TASK REQUIREMENTS
From the material below, copy exactly the lines beginning with the one that contains "Our next product" and ending with the one that contains "Beautiful home with"; the pictures stay out.

DATASET RECORDS

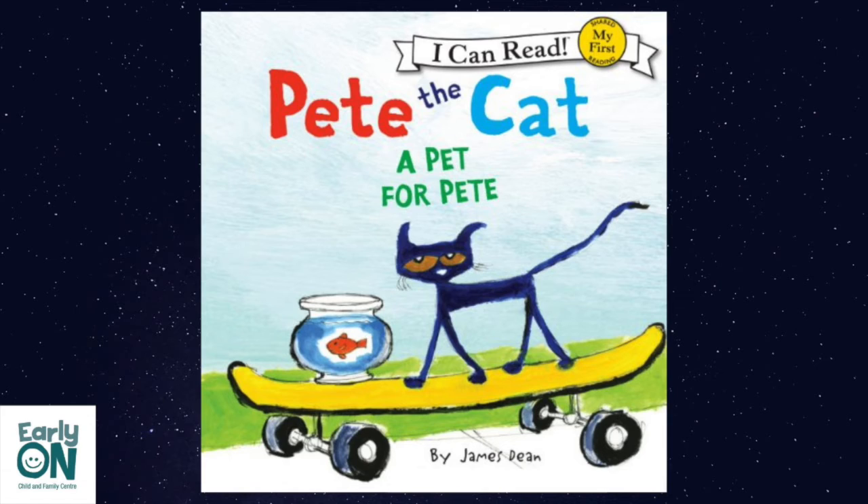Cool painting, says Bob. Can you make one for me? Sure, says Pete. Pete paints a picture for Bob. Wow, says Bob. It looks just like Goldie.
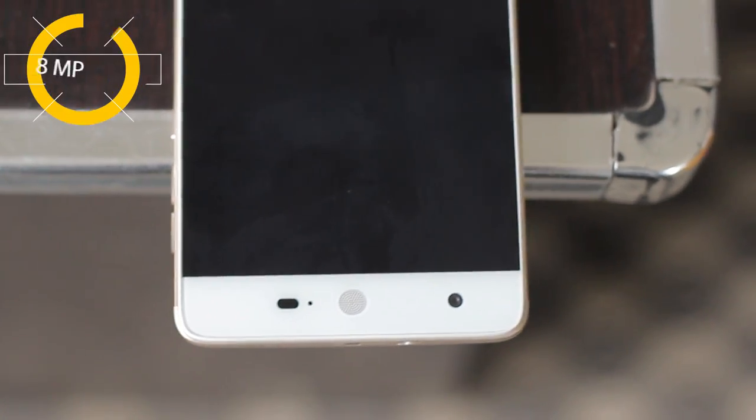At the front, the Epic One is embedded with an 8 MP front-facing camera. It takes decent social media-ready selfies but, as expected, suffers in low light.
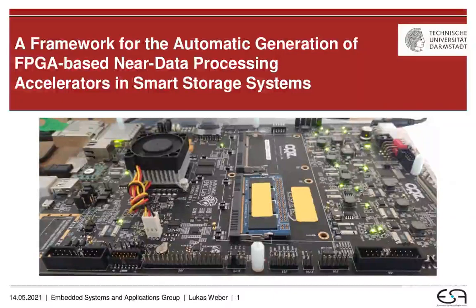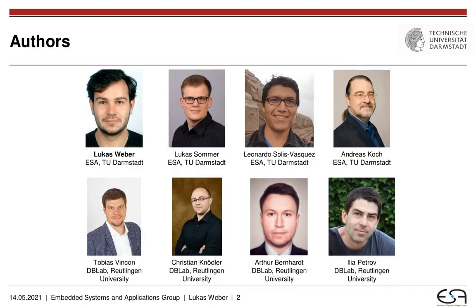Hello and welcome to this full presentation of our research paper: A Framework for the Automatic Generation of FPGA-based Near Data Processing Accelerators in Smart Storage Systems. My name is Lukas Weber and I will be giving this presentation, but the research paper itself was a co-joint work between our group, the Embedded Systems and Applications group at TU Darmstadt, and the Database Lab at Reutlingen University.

==

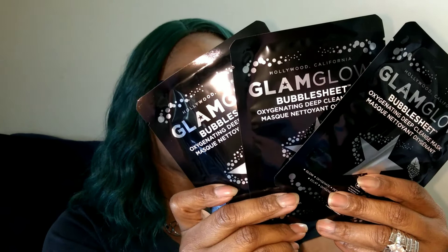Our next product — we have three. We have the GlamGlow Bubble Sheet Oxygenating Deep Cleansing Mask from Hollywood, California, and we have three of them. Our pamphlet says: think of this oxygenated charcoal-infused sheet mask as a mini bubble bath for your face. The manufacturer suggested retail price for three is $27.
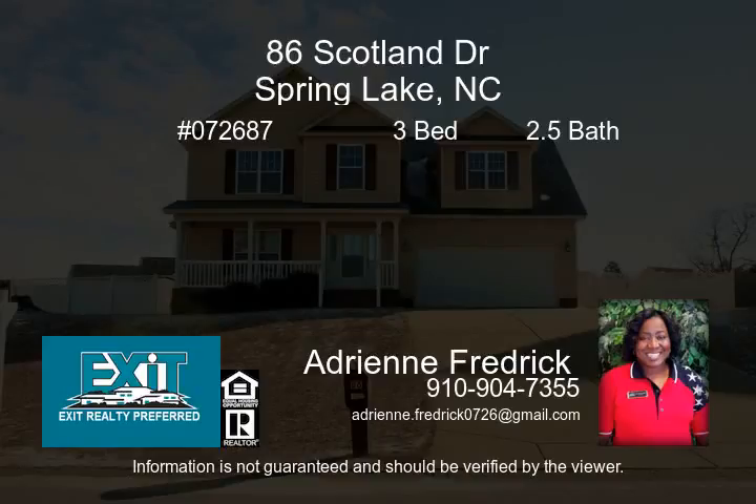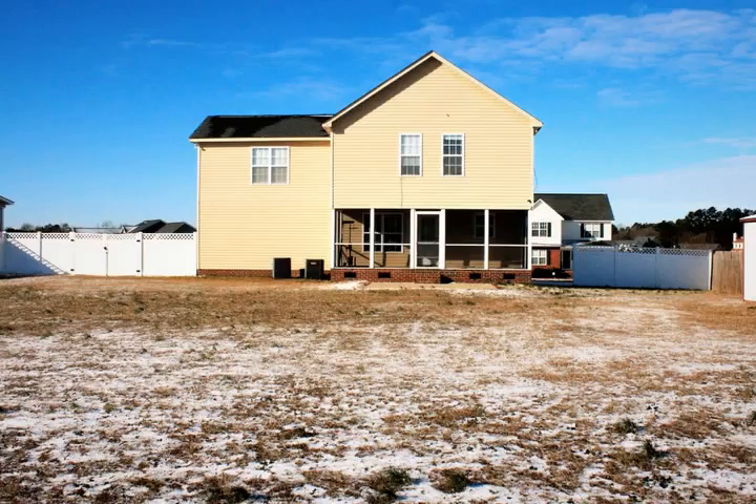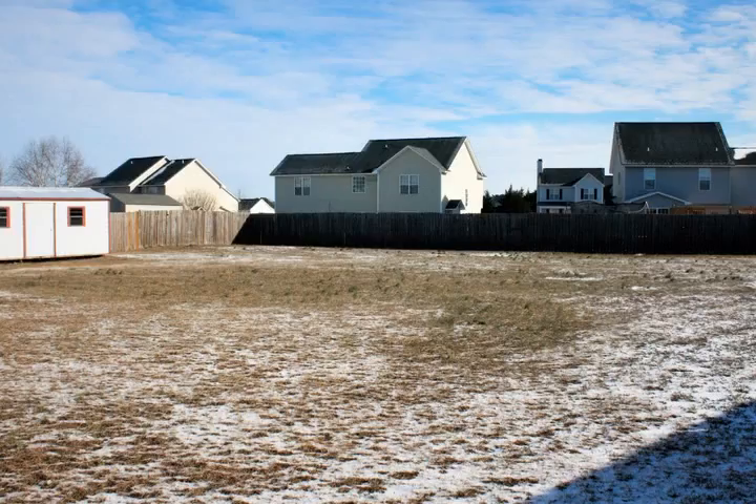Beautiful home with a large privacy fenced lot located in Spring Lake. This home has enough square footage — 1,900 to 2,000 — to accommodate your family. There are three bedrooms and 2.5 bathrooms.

* * *

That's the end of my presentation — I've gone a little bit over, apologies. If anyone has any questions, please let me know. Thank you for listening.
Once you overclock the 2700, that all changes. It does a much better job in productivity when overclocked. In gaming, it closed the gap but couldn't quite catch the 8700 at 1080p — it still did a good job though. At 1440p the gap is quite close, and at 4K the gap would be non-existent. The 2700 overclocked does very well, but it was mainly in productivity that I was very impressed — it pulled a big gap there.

FINISHED TASK
Our next product — we have three. We have the GlamGlow Bubble Sheet Oxygenating Deep Cleansing Mask from Hollywood, California, and we have three of them. Our pamphlet says: think of this oxygenated charcoal-infused sheet mask as a mini bubble bath for your face. The manufacturer suggested retail price for three is $27.
Beautiful home with a large privacy fenced lot located in Spring Lake. This home has enough square footage — 1,900 to 2,000 — to accommodate your family. There are three bedrooms and 2.5 bathrooms.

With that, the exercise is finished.